In 2019/20 HE’s programme’s theatre highlights include Alice Sebold’s The Lovely Bones, adapted by Bryony Lavery. On the comedy front there’s Live at the Empire with comedians Stewart Lee, Simon Munnery, Rosie Jones, Rose Matafeo as well as shows from Mark Steel, Lenny Henry, Chris Ramsey and Rob Delaney. Dave Chapelle performed at Hackney Empire for two of his only three UK appearances earlier this year.

Opera includes The Seraglio, The Silver Lake – A Winter’s Tale (Der Silbersee), The Gondoliers and Utopia, Limited, two new co-productions with Scottish Opera.
In family entertainment, Olivier Award-winning actor Clive Rowe makes his 13th pantomime appearance in Dick Whittington and His Cat at Christmas, featuring Tarinn Callender as Dick Whittington and comedian Kat B.
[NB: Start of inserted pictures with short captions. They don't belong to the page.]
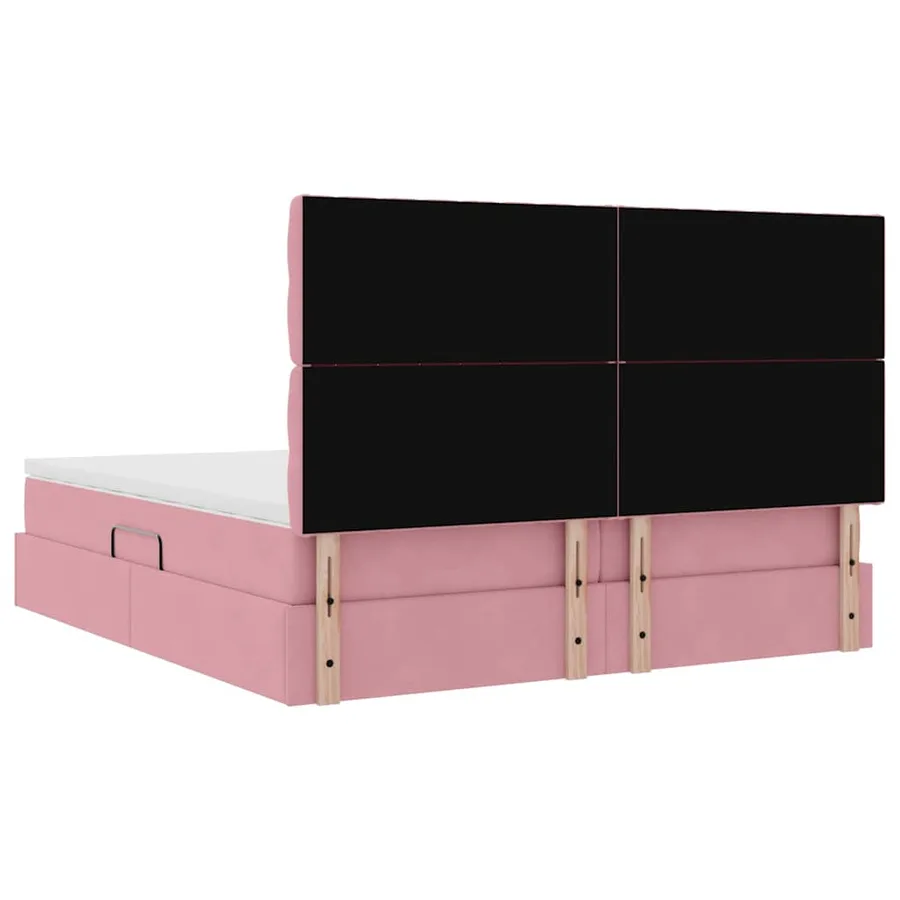 Lit de rangement LED avec matelas Rose 200 x 200 cm Velours - 13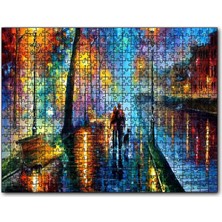 Cakapuzzle Sokak Lambaları Yürüyen Çift ve Köpek Yağlıboya 120 Parça Puzzle Yapboz Mdf (Ahşap)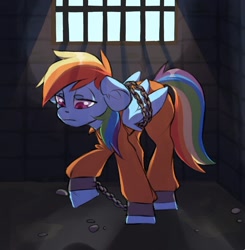 Size: 1856x1892 | Tagged: safe, artist:twi_sfw, rainbow dash, pegasus, pony, g4, annoyed, clothes, commission, commission open, jumpsuit, never doubt rainbowdash69's involvement, prison, prison outfit, prisoner, prisoner rd, sad, shackles, solo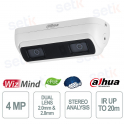 Telecamera IP 4MP WizMind Dual Lens AI Stereo Analysis PoE IR 20m IP67 - Dahua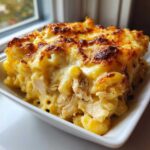 Close-up of a serving of Creamy Alfredo Chicken Bake showing pasta, shredded chicken, and a bubbly, browned cheese topping.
Music sees indie legends Carl Barat and Pete Doherty and Spiritualized performing, and in the autumn, The Big Big Train, Respect – the Aretha Franklin Songbook and weekly performances from Hackney Empire Community Choir.

Choudury and Hemmant reflected on the programme: “We are so proud of Hackney Empire and what it has meant to people, we want our community to be as proud of us as we are of being in Hackney. That’s why we’re doing it, we want people in and around the borough, to be proud that Hackney Empire is on their doorstep; everybody needs safe and exciting spaces – Hackney Empire is ours”.